Task details: Return the entries that follow exactly, with no images.

Exercise data:
****************************************
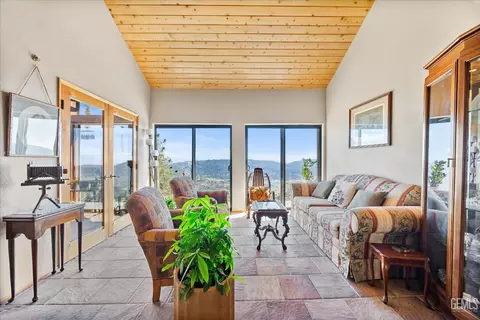 Living - 24930 Paramount Dr, Tehachapi, CA 93561 photo 3 of 4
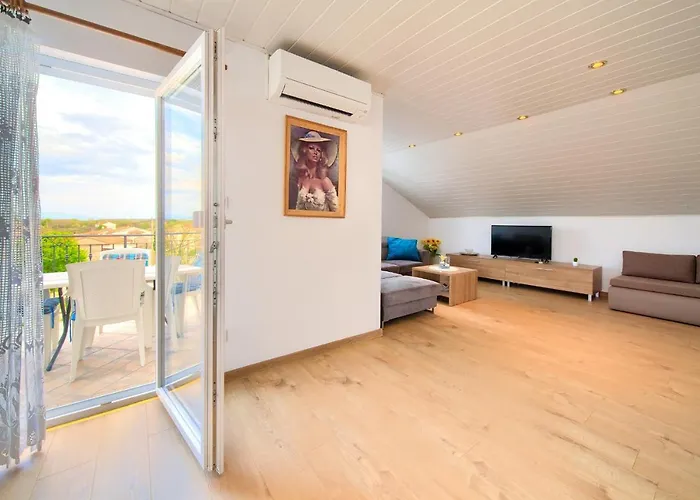 Apartment Mladen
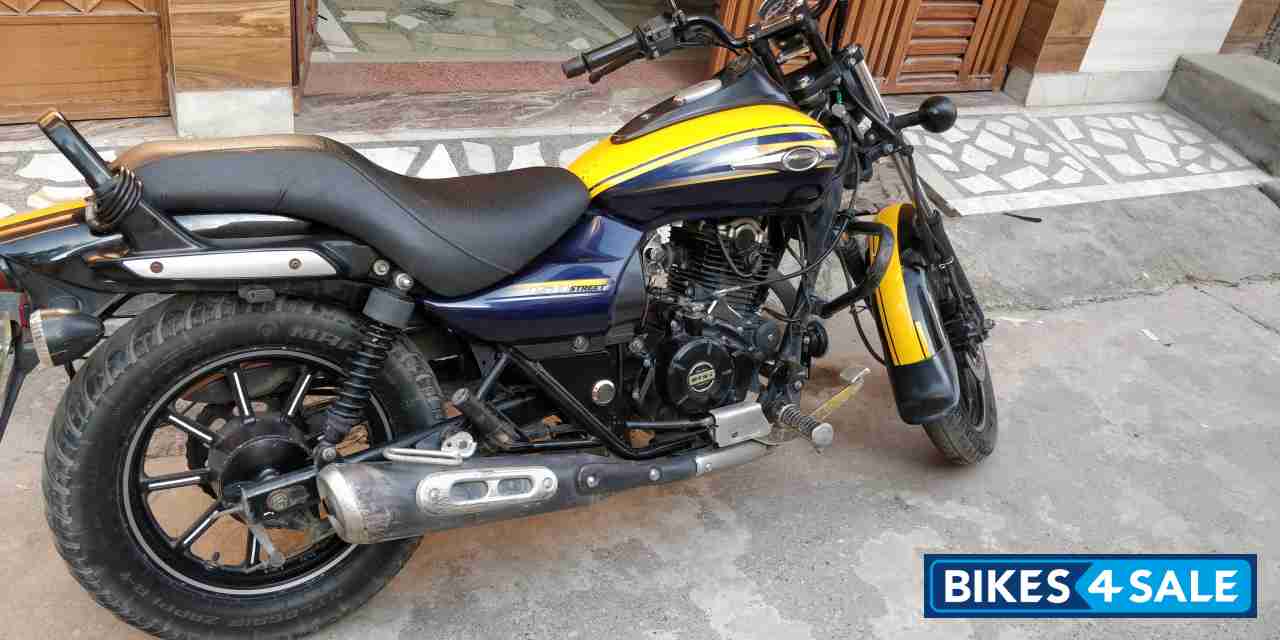 Bajaj Avenger Street 150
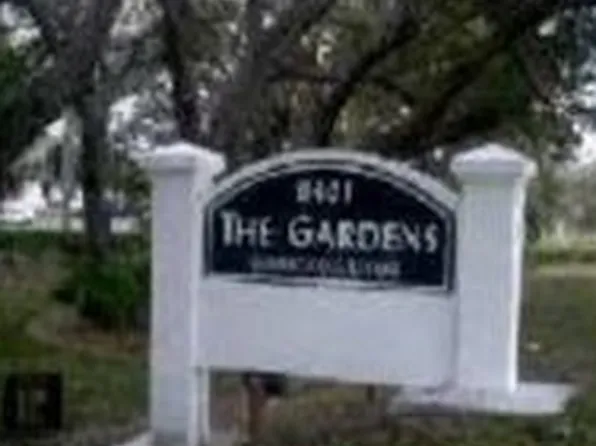 107 Dogwood Cir, Seminole, FL 33777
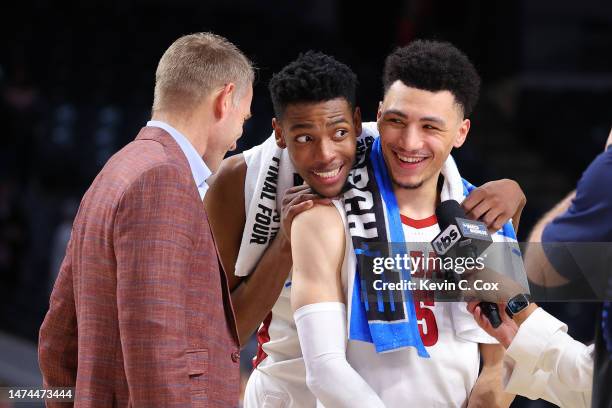 Brandon Miller of the Alabama Crimson Tide celebrates with Head coach Nate Oats and Jahvon Quinerly after defeating the Maryland Terrapins 73-51 in...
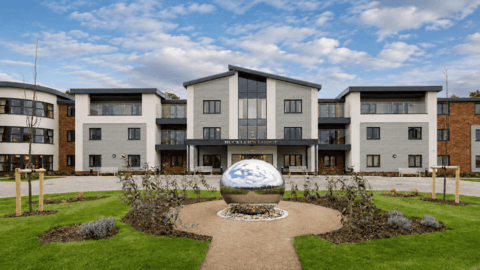 Bucklers Lodge Exterior in Crowthorne
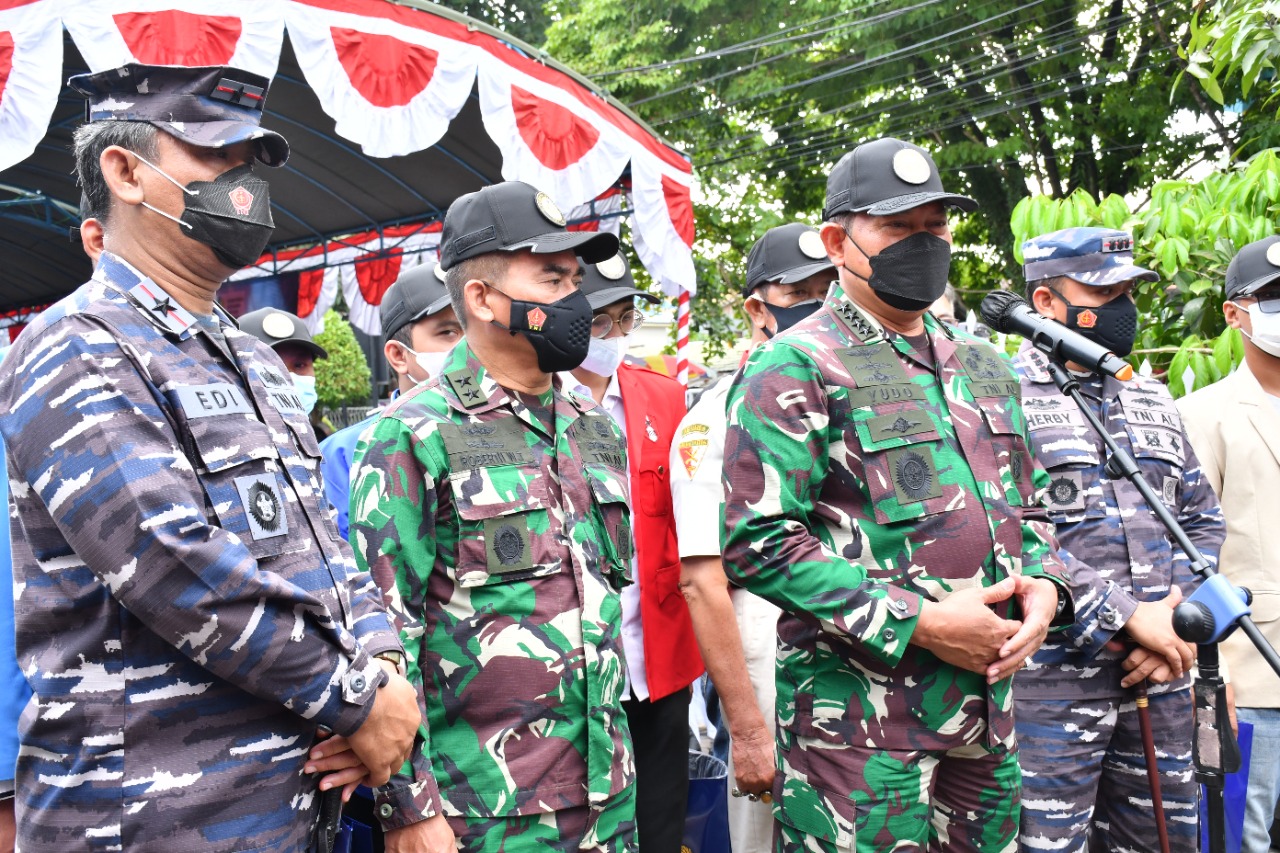 Kepala Staf Angkatan Laut Laksamana TNI Yudo Margono beserta jajarannya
****************************************
Solution below:
 Living - 24930 Paramount Dr, Tehachapi, CA 93561 photo 3 of 4
 Apartment Mladen
 Bajaj Avenger Street 150
 107 Dogwood Cir, Seminole, FL 33777
 Brandon Miller of the Alabama Crimson Tide celebrates with Head coach Nate Oats and Jahvon Quinerly after defeating the Maryland Terrapins 73-51 in...
 Bucklers Lodge Exterior in Crowthorne
 Kepala Staf Angkatan Laut Laksamana TNI Yudo Margono beserta jajarannya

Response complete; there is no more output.